> _Task item_:
Every line of the data needs to be returned exactly.

Given data below:

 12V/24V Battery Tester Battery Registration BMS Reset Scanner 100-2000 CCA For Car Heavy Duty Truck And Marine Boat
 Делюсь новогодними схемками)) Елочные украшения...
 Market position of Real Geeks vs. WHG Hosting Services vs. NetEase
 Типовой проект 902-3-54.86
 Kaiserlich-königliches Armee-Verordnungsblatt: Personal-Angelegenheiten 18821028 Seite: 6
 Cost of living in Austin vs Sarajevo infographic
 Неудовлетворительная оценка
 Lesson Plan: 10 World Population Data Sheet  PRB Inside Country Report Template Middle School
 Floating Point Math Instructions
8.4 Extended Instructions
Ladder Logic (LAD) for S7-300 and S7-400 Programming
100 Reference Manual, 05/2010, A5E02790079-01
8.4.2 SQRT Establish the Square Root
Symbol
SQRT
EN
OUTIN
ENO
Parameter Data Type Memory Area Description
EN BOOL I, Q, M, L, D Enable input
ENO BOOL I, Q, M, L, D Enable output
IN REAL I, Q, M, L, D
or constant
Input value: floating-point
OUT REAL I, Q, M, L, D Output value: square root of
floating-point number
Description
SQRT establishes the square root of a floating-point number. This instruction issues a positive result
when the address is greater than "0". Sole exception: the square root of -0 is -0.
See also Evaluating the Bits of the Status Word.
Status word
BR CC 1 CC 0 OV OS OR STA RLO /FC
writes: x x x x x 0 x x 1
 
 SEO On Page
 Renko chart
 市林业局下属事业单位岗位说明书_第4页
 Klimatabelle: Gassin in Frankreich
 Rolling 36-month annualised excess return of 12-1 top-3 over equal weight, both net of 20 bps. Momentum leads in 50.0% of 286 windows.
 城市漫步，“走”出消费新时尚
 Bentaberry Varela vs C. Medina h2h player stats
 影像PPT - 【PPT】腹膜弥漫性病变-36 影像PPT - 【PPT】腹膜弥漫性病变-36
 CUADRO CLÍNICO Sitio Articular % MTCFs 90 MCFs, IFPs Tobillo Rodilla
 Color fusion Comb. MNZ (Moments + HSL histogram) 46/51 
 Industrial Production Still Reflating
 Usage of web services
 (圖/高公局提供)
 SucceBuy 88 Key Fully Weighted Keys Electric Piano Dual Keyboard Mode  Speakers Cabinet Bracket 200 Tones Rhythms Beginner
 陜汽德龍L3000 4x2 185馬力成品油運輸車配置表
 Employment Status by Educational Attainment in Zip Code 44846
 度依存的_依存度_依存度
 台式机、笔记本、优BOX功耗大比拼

End of Given data.

> _Answer box_:
 12V/24V Battery Tester Battery Registration BMS Reset Scanner 100-2000 CCA For Car Heavy Duty Truck And Marine Boat
 Делюсь новогодними схемками)) Елочные украшения...
 Market position of Real Geeks vs. WHG Hosting Services vs. NetEase
 Типовой проект 902-3-54.86
 Kaiserlich-königliches Armee-Verordnungsblatt: Personal-Angelegenheiten 18821028 Seite: 6
 Cost of living in Austin vs Sarajevo infographic
 Неудовлетворительная оценка
 Lesson Plan: 10 World Population Data Sheet  PRB Inside Country Report Template Middle School
 Floating Point Math Instructions
8.4 Extended Instructions
Ladder Logic (LAD) for S7-300 and S7-400 Programming
100 Reference Manual, 05/2010, A5E02790079-01
8.4.2 SQRT Establish the Square Root
Symbol
SQRT
EN
OUTIN
ENO
Parameter Data Type Memory Area Description
EN BOOL I, Q, M, L, D Enable input
ENO BOOL I, Q, M, L, D Enable output
IN REAL I, Q, M, L, D
or constant
Input value: floating-point
OUT REAL I, Q, M, L, D Output value: square root of
floating-point number
Description
SQRT establishes the square root of a floating-point number. This instruction issues a positive result
when the address is greater than "0". Sole exception: the square root of -0 is -0.
See also Evaluating the Bits of the Status Word.
Status word
BR CC 1 CC 0 OV OS OR STA RLO /FC
writes: x x x x x 0 x x 1
 
 SEO On Page
 Renko chart
 市林业局下属事业单位岗位说明书_第4页
 Klimatabelle: Gassin in Frankreich
 Rolling 36-month annualised excess return of 12-1 top-3 over equal weight, both net of 20 bps. Momentum leads in 50.0% of 286 windows.
 城市漫步，“走”出消费新时尚
 Bentaberry Varela vs C. Medina h2h player stats
 影像PPT - 【PPT】腹膜弥漫性病变-36 影像PPT - 【PPT】腹膜弥漫性病变-36
 CUADRO CLÍNICO Sitio Articular % MTCFs 90 MCFs, IFPs Tobillo Rodilla
 Color fusion Comb. MNZ (Moments + HSL histogram) 46/51 
 Industrial Production Still Reflating
 Usage of web services
 (圖/高公局提供)
 SucceBuy 88 Key Fully Weighted Keys Electric Piano Dual Keyboard Mode  Speakers Cabinet Bracket 200 Tones Rhythms Beginner
 陜汽德龍L3000 4x2 185馬力成品油運輸車配置表
 Employment Status by Educational Attainment in Zip Code 44846
 度依存的_依存度_依存度
 台式机、笔记本、优BOX功耗大比拼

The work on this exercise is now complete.